PROBLEM DETAILS:
Under this line is some data; print exactly the lines from the one containing "Ausbrennen, aber optimistisch kaffeetasse" through its last line, without pictures.

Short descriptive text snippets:
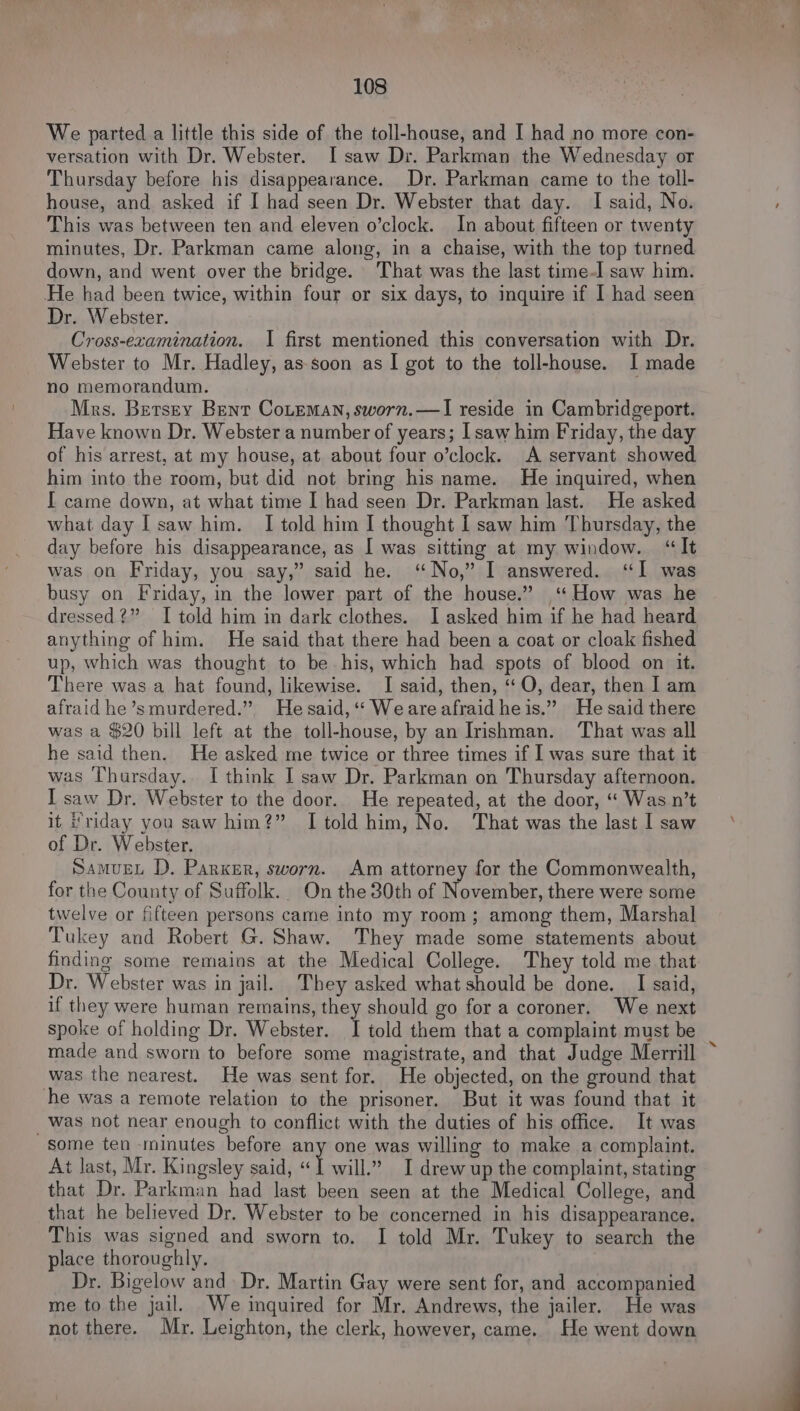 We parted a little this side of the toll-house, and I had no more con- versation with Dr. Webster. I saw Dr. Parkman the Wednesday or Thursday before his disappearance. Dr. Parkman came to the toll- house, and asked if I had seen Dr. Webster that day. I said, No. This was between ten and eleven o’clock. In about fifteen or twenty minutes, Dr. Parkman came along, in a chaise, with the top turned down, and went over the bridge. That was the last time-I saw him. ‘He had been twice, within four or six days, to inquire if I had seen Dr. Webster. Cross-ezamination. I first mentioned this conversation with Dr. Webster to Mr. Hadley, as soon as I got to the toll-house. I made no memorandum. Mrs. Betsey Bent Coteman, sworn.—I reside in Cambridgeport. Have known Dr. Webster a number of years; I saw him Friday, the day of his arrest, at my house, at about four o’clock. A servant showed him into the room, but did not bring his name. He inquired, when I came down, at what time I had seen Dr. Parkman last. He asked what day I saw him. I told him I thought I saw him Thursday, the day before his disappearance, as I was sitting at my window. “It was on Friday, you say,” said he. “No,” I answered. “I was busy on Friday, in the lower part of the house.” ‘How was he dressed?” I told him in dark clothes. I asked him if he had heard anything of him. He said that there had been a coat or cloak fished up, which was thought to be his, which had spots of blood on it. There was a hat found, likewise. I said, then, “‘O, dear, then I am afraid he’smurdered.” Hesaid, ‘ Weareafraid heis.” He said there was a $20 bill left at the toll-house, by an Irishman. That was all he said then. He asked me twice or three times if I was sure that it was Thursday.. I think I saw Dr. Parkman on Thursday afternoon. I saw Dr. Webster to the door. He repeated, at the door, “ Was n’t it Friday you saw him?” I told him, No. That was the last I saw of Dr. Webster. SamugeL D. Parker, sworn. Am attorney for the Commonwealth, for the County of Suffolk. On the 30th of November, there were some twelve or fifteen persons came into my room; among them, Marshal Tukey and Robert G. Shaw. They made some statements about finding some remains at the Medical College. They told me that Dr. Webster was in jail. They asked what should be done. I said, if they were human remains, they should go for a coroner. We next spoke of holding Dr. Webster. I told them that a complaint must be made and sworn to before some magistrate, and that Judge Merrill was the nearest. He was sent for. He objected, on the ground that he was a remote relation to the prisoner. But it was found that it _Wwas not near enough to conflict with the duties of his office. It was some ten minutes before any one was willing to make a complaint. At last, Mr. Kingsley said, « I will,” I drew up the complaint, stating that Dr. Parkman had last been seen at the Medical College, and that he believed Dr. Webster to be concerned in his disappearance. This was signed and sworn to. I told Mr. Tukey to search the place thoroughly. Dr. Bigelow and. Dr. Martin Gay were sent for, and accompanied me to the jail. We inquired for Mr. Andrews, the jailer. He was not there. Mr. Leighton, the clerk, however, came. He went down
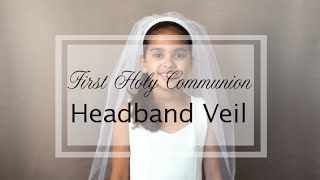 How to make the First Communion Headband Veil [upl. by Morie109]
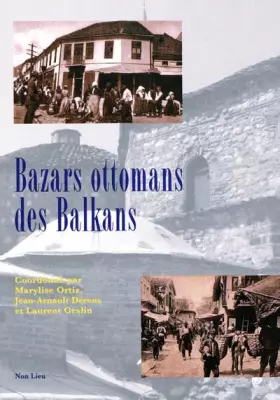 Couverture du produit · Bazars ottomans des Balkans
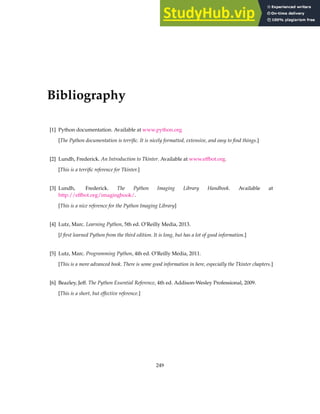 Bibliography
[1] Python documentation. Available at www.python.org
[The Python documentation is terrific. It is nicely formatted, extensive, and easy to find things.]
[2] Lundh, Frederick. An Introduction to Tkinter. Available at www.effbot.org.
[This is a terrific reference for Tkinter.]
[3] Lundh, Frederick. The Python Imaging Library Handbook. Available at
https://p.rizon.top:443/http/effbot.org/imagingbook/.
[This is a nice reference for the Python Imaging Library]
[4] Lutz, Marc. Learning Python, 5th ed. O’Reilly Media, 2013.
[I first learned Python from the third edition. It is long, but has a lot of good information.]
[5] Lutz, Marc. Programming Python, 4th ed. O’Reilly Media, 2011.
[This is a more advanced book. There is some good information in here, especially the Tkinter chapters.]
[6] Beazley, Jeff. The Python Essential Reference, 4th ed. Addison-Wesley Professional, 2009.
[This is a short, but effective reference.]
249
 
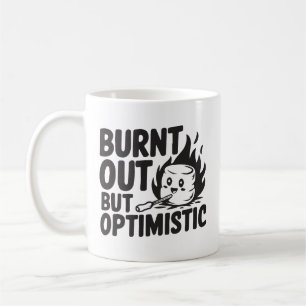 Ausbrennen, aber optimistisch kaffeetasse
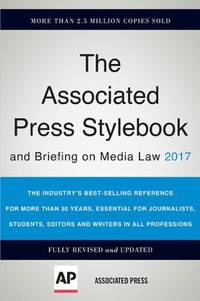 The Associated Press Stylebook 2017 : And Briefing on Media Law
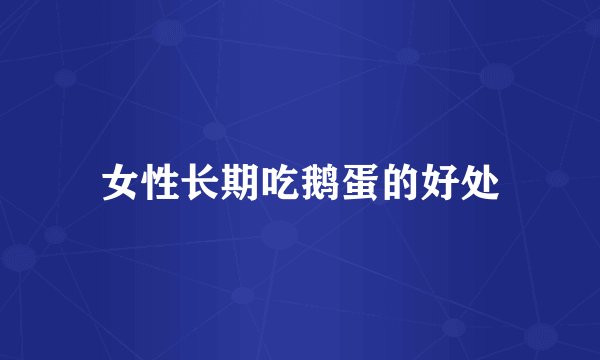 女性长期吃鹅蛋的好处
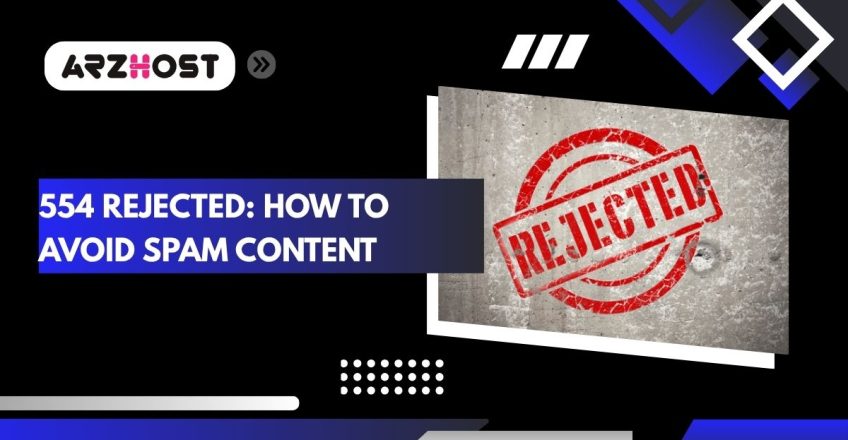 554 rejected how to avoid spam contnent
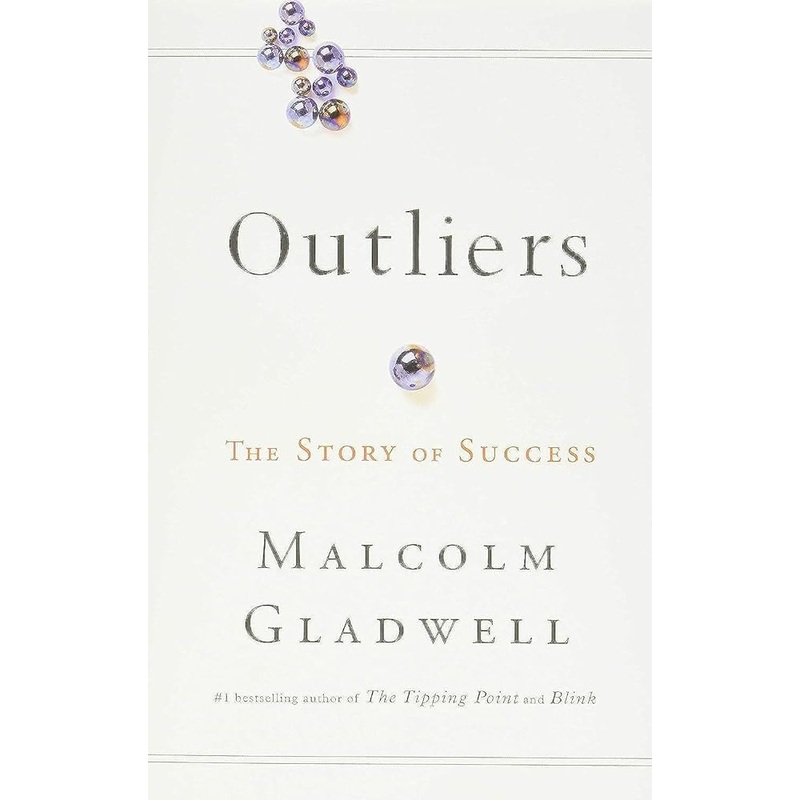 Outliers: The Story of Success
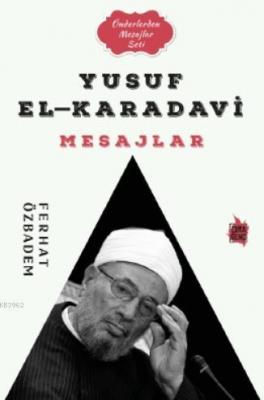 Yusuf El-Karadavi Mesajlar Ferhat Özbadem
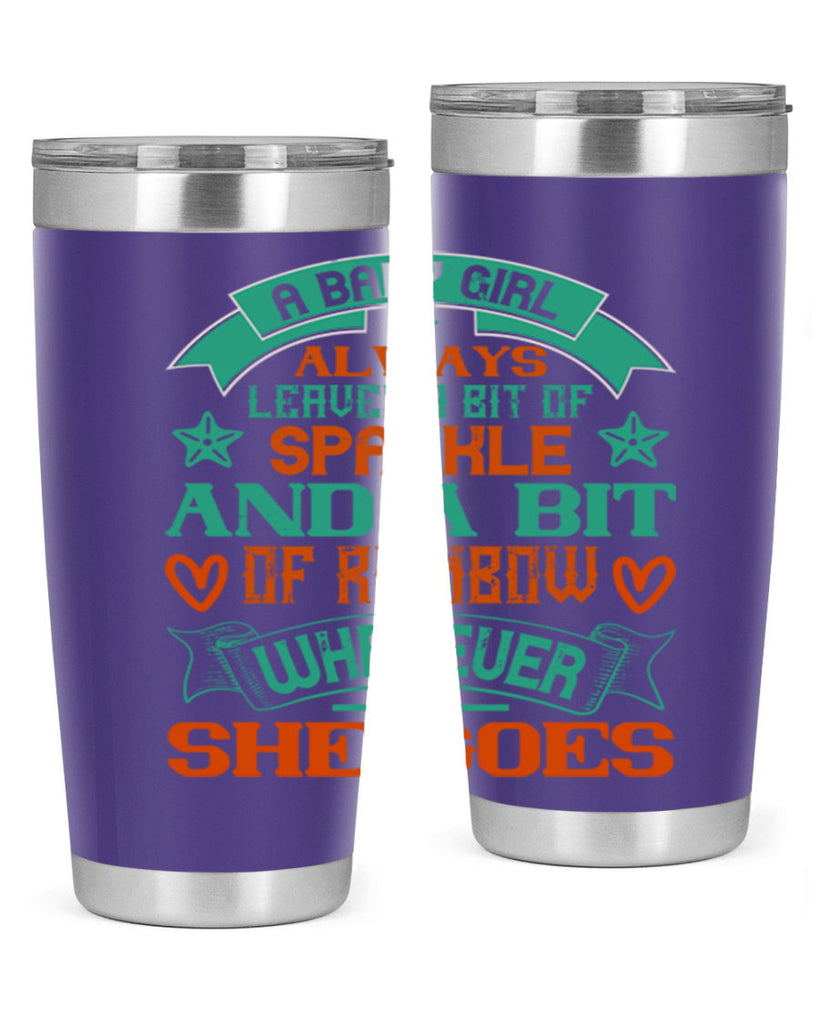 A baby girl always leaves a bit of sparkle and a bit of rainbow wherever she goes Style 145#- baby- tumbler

ANSWER TO THIS EXERCISE:
 Ausbrennen, aber optimistisch kaffeetasse
 The Associated Press Stylebook 2017 : And Briefing on Media Law
 女性长期吃鹅蛋的好处
 554 rejected how to avoid spam contnent
 Outliers: The Story of Success
 Yusuf El-Karadavi Mesajlar Ferhat Özbadem
 A baby girl always leaves a bit of sparkle and a bit of rainbow wherever she goes Style 145#- baby- tumbler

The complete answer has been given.